October 10, 2012


Last winter's record high temperatures obscured the ever-rising prices of fuel.

At the pumps, gasoline prices are hitting record highs. As one letter writer noted this week, filling up our car tanks can be $70 or $80 and even more. For those of us who drive for a living, the money adds up.

We've forgotten what the blistering cold can cost. It's not unusual to spend $800 or $900 every three of four weeks to heat our houses when the temperatures are frigid. Out nation's dependence on Middle East oil is worse than ever, despite the smattering of hybrid cars on the roadways.

Putting politics aside for the moment, President Obama's decision to squash the Keystone Pipeline was a tragic error. It would have, with time, helped lower energy costs by increasing the flow of domestic oil to the 48 states. Moreover, it would have provided tens of thousands of jobs.

We understand this administration's ecological concerns – and note that the pipeline project didn't have a thorough environmental review. That said, it's been 25 years since the Alaskan Pipeline opened, and technology has gotten to a point where very little can go wrong.

The Obama administration has been fast tracking alternative energy projects, most noticeably wind energy, but the country has virtually nothing to show for it. Obama pushed through a $535 million federal grant to Solyndra, which also received a $25 million tax break from the state of California. Within two years Solyndra went bankrupt, and the money disappeared. There were other clean energy companies that received federal funds – but they were little more than start-up companies, with no mechanism in place to actually produce energy. In all, this administration has provided over $16 billion in loans to clean energy companies, and the country has nothing to show for it.

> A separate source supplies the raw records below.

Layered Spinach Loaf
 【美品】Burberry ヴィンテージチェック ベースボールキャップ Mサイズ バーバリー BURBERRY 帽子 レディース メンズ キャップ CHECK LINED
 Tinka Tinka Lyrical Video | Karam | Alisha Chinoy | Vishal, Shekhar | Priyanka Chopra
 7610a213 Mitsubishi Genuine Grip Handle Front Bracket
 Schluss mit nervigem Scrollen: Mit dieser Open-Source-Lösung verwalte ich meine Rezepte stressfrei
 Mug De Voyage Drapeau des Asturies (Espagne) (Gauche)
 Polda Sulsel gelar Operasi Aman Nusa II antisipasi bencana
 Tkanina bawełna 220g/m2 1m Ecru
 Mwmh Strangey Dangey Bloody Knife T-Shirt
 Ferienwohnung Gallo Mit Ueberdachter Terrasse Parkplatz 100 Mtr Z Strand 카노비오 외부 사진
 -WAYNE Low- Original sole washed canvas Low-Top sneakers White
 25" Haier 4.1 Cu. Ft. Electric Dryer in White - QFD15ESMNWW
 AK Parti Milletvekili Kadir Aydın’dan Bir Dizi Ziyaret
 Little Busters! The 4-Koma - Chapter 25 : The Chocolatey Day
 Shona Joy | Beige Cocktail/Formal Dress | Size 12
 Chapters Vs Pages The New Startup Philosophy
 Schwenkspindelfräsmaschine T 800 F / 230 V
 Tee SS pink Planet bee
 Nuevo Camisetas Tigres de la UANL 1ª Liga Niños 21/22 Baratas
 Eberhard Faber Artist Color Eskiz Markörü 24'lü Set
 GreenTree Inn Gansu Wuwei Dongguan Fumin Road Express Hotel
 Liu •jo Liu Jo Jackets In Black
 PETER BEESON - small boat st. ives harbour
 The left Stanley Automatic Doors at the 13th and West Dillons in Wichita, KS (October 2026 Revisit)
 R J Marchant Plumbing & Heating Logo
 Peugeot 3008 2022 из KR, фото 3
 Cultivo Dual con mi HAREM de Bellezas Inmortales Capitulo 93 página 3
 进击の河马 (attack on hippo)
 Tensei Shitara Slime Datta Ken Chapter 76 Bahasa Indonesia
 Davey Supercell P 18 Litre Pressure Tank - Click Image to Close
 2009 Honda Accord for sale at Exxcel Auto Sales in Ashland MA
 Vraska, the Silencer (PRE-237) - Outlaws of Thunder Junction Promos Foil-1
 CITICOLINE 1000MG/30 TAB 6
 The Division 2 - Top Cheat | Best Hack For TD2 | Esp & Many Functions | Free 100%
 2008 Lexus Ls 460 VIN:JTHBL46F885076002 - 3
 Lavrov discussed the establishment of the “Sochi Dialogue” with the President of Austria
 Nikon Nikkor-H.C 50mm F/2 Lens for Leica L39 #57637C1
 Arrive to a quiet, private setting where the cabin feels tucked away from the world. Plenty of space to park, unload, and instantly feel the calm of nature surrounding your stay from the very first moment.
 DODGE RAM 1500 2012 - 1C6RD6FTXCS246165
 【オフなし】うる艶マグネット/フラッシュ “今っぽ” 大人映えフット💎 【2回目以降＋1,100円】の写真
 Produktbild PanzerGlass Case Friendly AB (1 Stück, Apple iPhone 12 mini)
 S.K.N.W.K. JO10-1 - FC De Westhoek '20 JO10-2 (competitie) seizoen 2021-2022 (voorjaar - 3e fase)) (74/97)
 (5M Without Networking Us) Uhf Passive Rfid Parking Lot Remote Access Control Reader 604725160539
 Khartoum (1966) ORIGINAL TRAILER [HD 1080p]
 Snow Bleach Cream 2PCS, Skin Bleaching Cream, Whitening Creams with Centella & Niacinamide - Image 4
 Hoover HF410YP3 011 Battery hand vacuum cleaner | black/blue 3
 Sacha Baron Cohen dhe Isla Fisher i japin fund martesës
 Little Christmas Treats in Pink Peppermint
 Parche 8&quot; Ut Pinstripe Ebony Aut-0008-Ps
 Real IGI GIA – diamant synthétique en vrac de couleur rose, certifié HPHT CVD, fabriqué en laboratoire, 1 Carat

Apologists like the New York Times quickly defended the president when the Justice Department began to investigate where all the money went. The company line was the country needs to take chances on clean energy and not all investments pan out. In another time, perhaps. But with this country still in the throes of an economic meltdown there can be no justification for spending billions of taxpayer dollars on a wing and a prayer. (The fact that Solyndra executives were huge contributors to Obama's campaign -- and that they were frequent visitors to the White House -- has been conveniently overlooked by the mainstream press.)

Perhaps the future will bring more clean energy, and America will be less dependent on foreign oil. That does little to quench the fear that for many of us, the specter of freezing pipes and empty gas tanks looms ominously ahead.